Segment Open

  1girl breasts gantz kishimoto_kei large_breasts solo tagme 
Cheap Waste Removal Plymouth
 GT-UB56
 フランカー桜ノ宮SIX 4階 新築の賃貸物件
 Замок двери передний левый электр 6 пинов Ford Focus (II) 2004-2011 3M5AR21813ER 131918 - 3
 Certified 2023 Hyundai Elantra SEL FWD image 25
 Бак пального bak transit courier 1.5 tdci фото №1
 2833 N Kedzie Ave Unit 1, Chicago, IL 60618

Segment Closed
Segment Open

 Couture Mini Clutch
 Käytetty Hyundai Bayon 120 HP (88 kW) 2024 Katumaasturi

Segment Closed
Segment Open

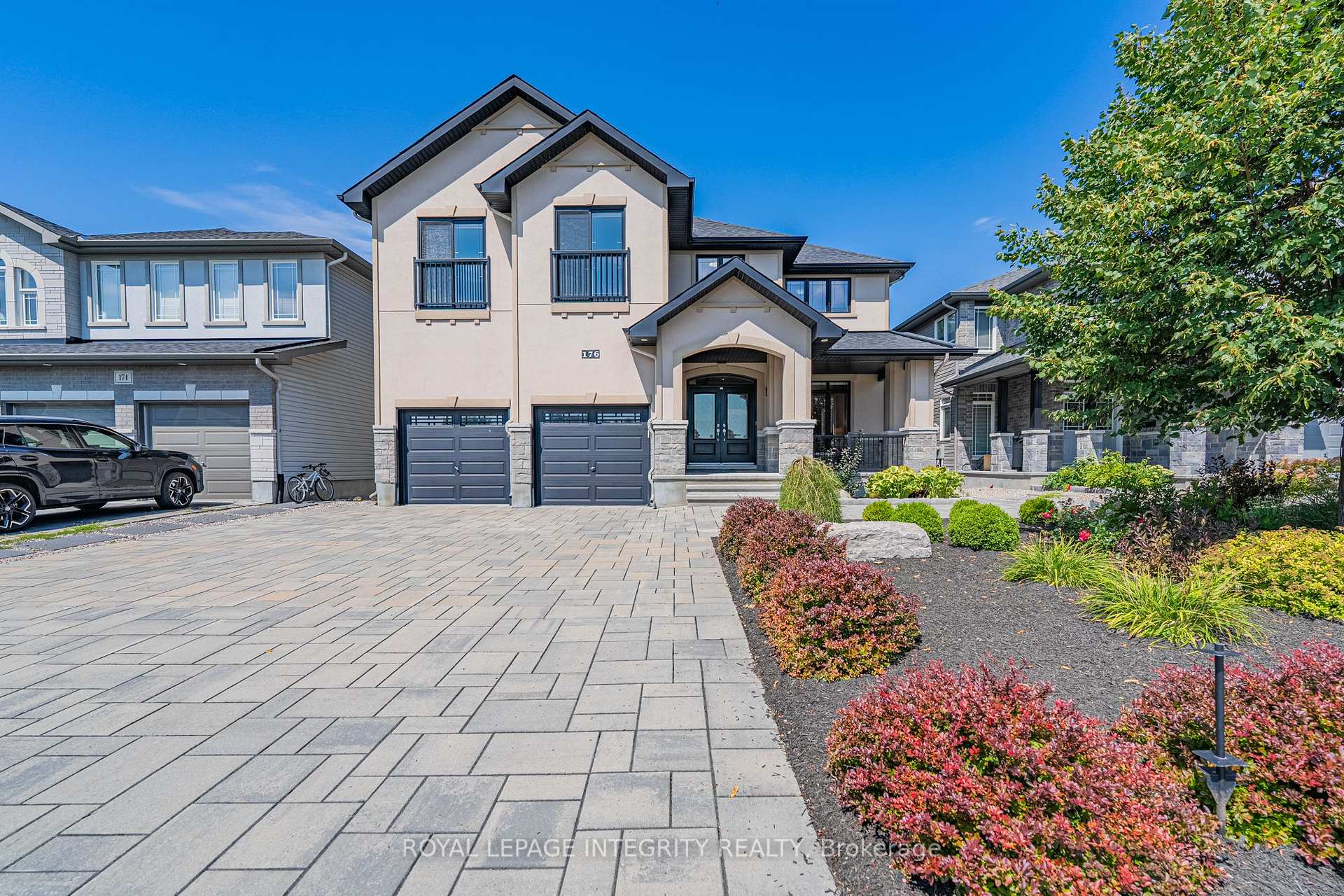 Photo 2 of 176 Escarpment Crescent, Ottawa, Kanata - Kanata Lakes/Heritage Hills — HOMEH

Segment Closed

→ EXERCISE AIM: Count each line above where the word "Hyundai" appears, and answer with nothing except that count.

→ SOLUTION: 2